OSU is very talented but always nervous to start the season. Minny Oline looked huge!!!!


----------



## Rackmaster (Sep 2, 2021)

TD Buckeyes!


----------



## Silver Britches (Sep 2, 2021)

Long run for a TD. Buckeyes up 7-0.


----------



## mguthrie (Sep 2, 2021)

SCORE


----------



## Madsnooker (Sep 2, 2021)

That's the kid that came in against Clemson in the second half and ran over 3 guys on one carry. They call him meatball. Fall camp they said he took the starting job from Master Teague and that appears to be true.


----------



## Madsnooker (Sep 2, 2021)

Just watching Stroud on those early throws tells me he is going to have a huge year.


----------



## Silver Britches (Sep 2, 2021)

Breaking News: Tennessee is shocking Bowling Green 14-0 in the 1st.


----------



## Silver Britches (Sep 2, 2021)

That Buckeye D is looking good so far.


----------



## Silver Britches (Sep 2, 2021)

7-0 end of the 1st


----------



## Silver Britches (Sep 2, 2021)

Buckeyes put 3 more up on the board. 10-0


----------



## Silver Britches (Sep 2, 2021)

Dang that was a risky call! Pheeeew!


----------



## treemanjohn (Sep 2, 2021)

Oh boy that was sneaky


----------



## Silver Britches (Sep 2, 2021)

TD Gophers!


----------



## Rackmaster (Sep 2, 2021)

Silver Britches said:


> TD Gophers!


Ruh Rho Shaggy! 
10-7


----------



## Silver Britches (Sep 2, 2021)

Heckuva catch by the Minnesota receiver! 10-7 Buckeyes


----------



## Madsnooker (Sep 2, 2021)

Great throw and catch by Minny


----------



## Silver Britches (Sep 2, 2021)

Rackmaster said:


> Ruh Rho Shaggy!
> 10-7


Snook having to break out the liquor prematurely!


----------



## Ruger#3 (Sep 2, 2021)

Silver Britches said:


> Breaking News: Tennessee is shocking Bowling Green 14-0 in the 1st.

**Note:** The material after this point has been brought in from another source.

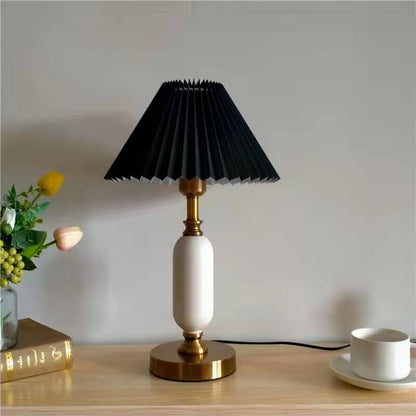 Lampe de table rétro avec abat-jour plissé et base colonne – Élégance intemporelle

They were predicted to win, one of their three Ws for the season.


----------



## bilgerat (Sep 2, 2021)

Buckees not looking like a top 5 team to me.


----------



## Silver Britches (Sep 2, 2021)

Ruger#3 said:


> They were predicted to win, one of their three Ws for the season.


BG is awful. UT should win. And I see your name is in red now. Red looks good on you.


----------



## Ruger#3 (Sep 2, 2021)

Silver Britches said:


> BG is awful. UT should win. And I see your name is in red now. Red looks good on you.



If the lights flicker on the board I didn't touch nuthin!


----------



## pjciii (Sep 2, 2021)

bilgerat said:


> Buckees not looking like a top 5 team to me.



You underestimate that this is not the Gophers of old. They are tough opponents.


----------



## Silver Britches (Sep 2, 2021)

Update from Knoxville - 14-3 Vols on top in the 2nd qtr


----------



## Madsnooker (Sep 2, 2021)

bilgerat said:


> Buckees not looking like a top 5 team to me.


I wouldn't have them any higher then 20-25.


----------



## Rackmaster (Sep 2, 2021)

Silver Britches said:


> Snook having to break out the liquor prematurely!


Brother Britches I see we gonna have to ship them a QB in the future if they lose! 

I see a internet outage coming fast!


----------



## Rackmaster (Sep 2, 2021)

Interception!

Minnesota's ball!


----------



## Para Bellum (Sep 2, 2021)

Oh snap!!!


----------



## Silver Britches (Sep 2, 2021)

Gophers done picked one off!


----------



## Silver Britches (Sep 2, 2021)

Gophers knocking on the door now.


----------



## John Cooper (Sep 2, 2021)

OSU gonna have to call out Carl the grounds keeper to handle them Gophers!!!!!


----------



## John Cooper (Sep 2, 2021)

Yall keep me updated, can't watch the game at work.


----------



## Silver Britches (Sep 2, 2021)

PI Buckeyes to keep the drive going


----------



## bilgerat (Sep 2, 2021)

FLAG!!!should  have been on on the last play too


----------



## Silver Britches (Sep 2, 2021)

John Cooper said:


> Yall keep me updated, can't watch the game at work.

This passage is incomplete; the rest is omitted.